Now in Legal Rebels:
Posted Dec 07, 2012 02:30 pm CST
At Lawyerist, U.S. Bank attorney Andy Mergendahl acknowledges that having a “lawyer brain” can be harmful in many interpersonal situations. But he also sees where it can be an advantage in parenting—particularly in dealing with disputes between children.
“For example, when rough play leads to a broken lamp in the living room, the lawyer brain can help you keep your cool instead of just flipping out,” Mergendahl wrote. “And if you decide to investigate the events that led up to the lamp breaking, you can separate the persons of interest and interview them, then compare their stories, re-interview (whether this is interrogation depends as much on your goals as on your interviewing style), and then decide on your response.
“I think my kids appreciate it when I try to figure out what really happened, and that they get to provide their version of events.
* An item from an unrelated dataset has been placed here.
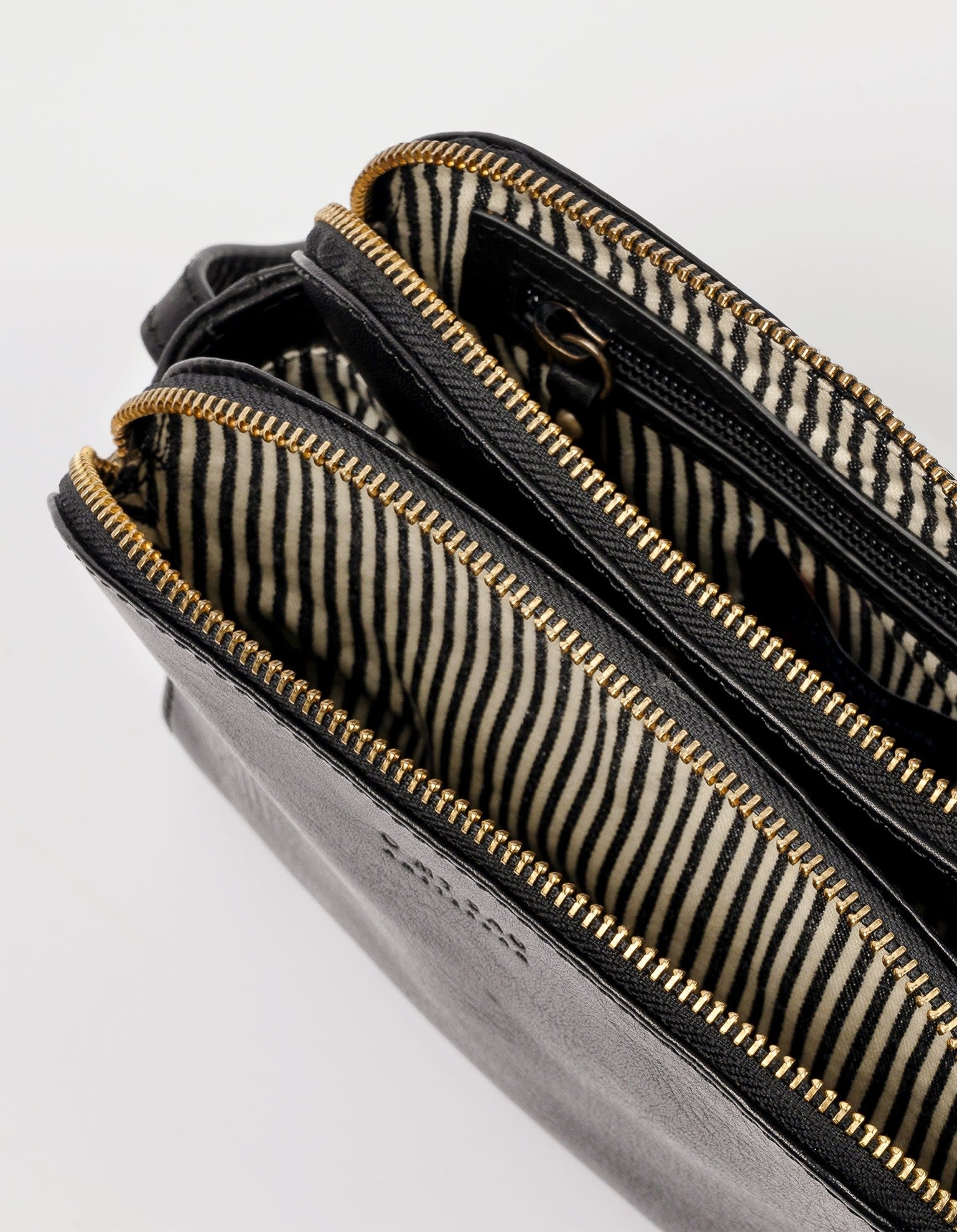 O My Bag O My Bag Emily Crossbody Mini Bag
It’s also fun to teach them that some arguments don’t really work, like the tu quoque logical fallacy, or that ad hominem attack are counterproductive.”
At Above the Law, Aon chief counsel Mark Hermann suggests that law firms follow the lead of information technology and research firms that have created dual career tracks. “These firms needed both great scientists and great managers,” Hermann wrote. “Great scientists, however, were being undervalued” as those with managerial skills were elevated above those who were often better scientists.
The solution was to create a dual career-path model. You could rise through the ranks the traditional way—by managing people and controlling a profit and loss center. “But the second path was the innovative one: Lead specified projects; work with key clients; generate new ideas; prosper equally!”
The way Hermann sees it, law firms and law departments have the same problem as those tech firms—there are brilliant practitioners who don’t care to manage people (or, in the case of law firms, aren’t rainmakers). He urges his readers to suggest such a structure at their firm or corporation. “And, depending on the career path you prefer, you may have invented a future for yourself more attractive than the one you that you envisioned yesterday.”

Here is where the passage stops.